Dataset section:
== Segment start ==

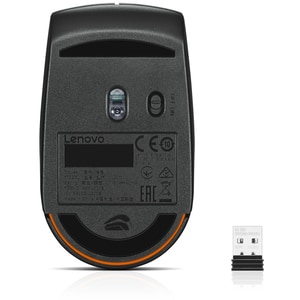 Lenovo Compact 300 Mouse - Radio Frequency - USB - Laser/Optical - 3 Button(s) - Black - Wireless - 2.40 GHz - 1000 dpi - 
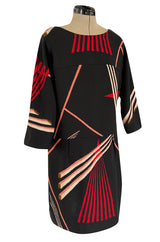 Fall 2007 Marni Black & Red Graphic Pattern Dress w V Neck That Can be Worn Back or Front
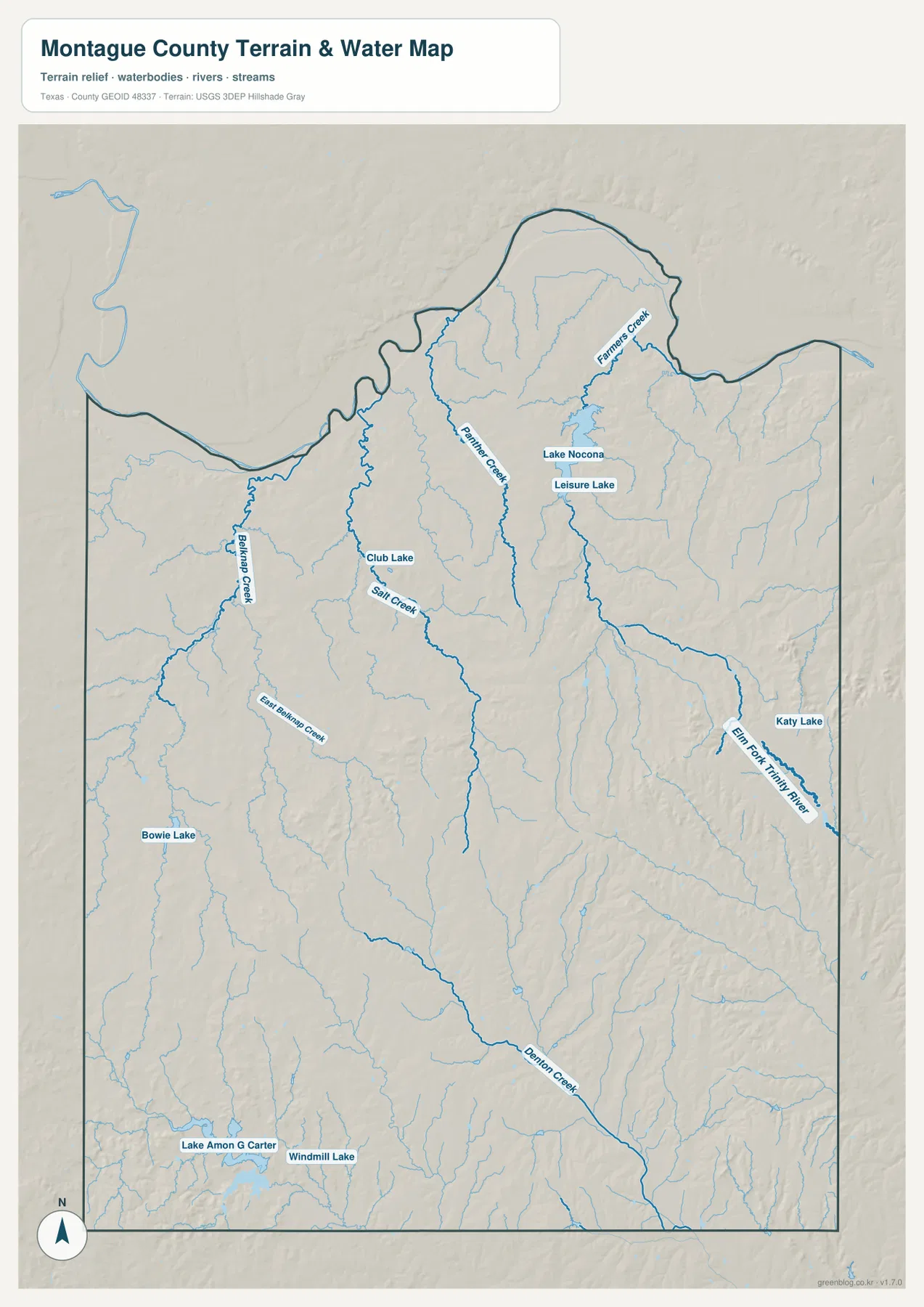 Farmers Creek, Panther Creek, Belknap Creek, Denton Creek, Elm Fork Trinity River와 여러 호수가 표시된 몬태규 카운티 수역 지도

== Segment end ==

Directions:
Could the material above be written out again word for word, with the pictures dropped?

Result for this exercise:
 Lenovo Compact 300 Mouse - Radio Frequency - USB - Laser/Optical - 3 Button(s) - Black - Wireless - 2.40 GHz - 1000 dpi - 
 Fall 2007 Marni Black & Red Graphic Pattern Dress w V Neck That Can be Worn Back or Front
 Farmers Creek, Panther Creek, Belknap Creek, Denton Creek, Elm Fork Trinity River와 여러 호수가 표시된 몬태규 카운티 수역 지도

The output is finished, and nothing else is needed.